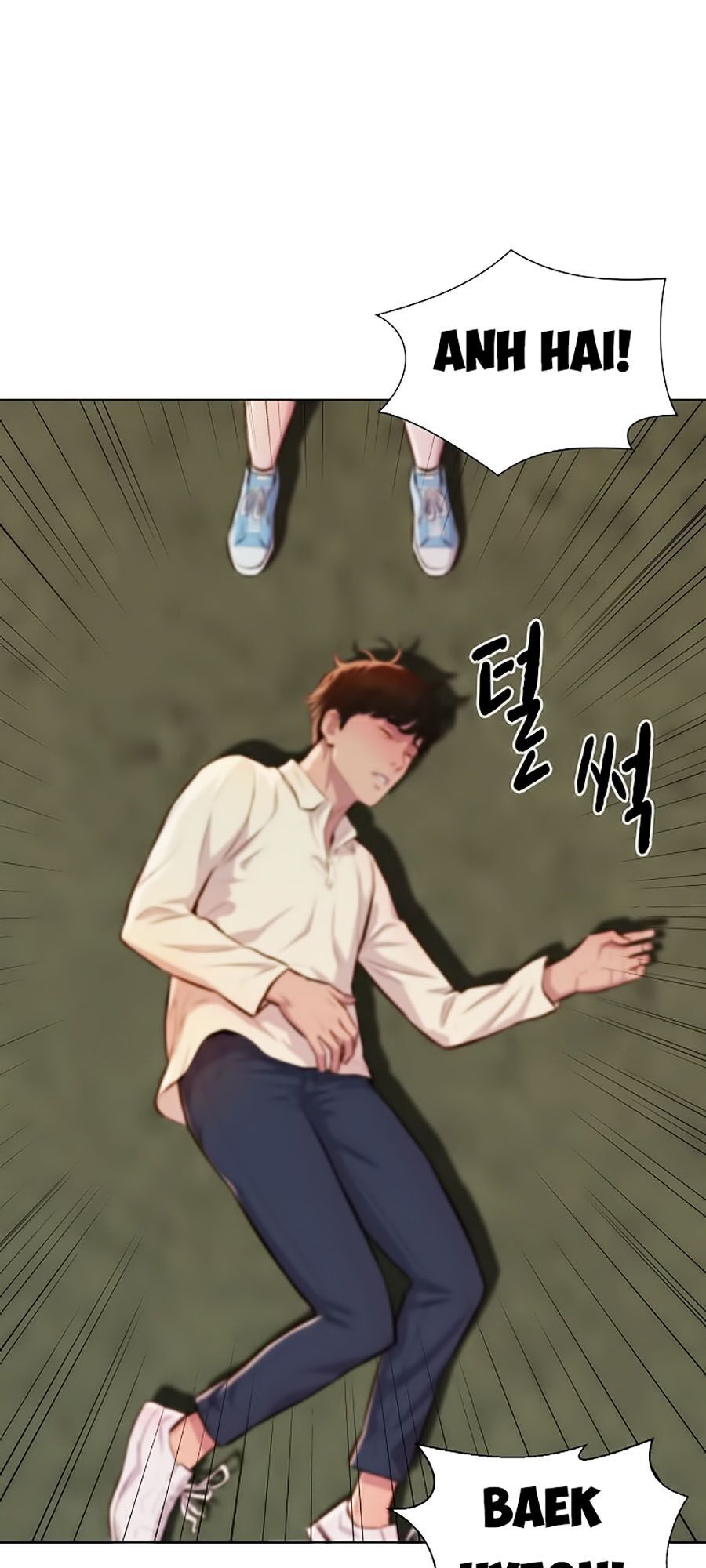 Thợ Săn 3 CM Chapter 31 - Trang 2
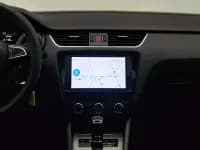 Octavia 2020 TSI280 DSG Smart Luxury Edition — миниатюра 12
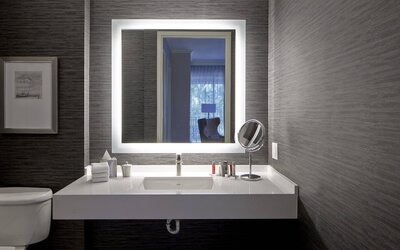 Dallas/Plano Marriott at Legacy Town Center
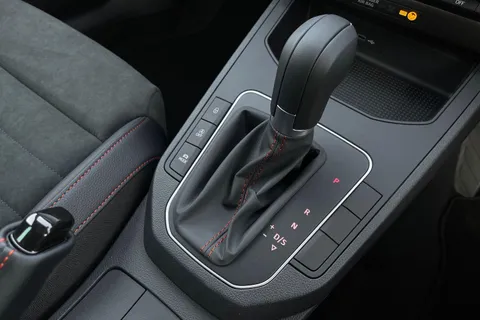 DK75VLA SEAT Ibiza 1.0 TSI FR Sport DSG Euro 6 (s/s) 5dr Thumbnail #20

WHAT YOU ARE ASKED TO DO ::
Take the line with "Dallas/Plano Marriott at Legacy Town Center" and every line after it through the end of the data, and write only them out exactly, leaving out the pictures.

ANSWER SECTION ::
 Dallas/Plano Marriott at Legacy Town Center
 DK75VLA SEAT Ibiza 1.0 TSI FR Sport DSG Euro 6 (s/s) 5dr Thumbnail #20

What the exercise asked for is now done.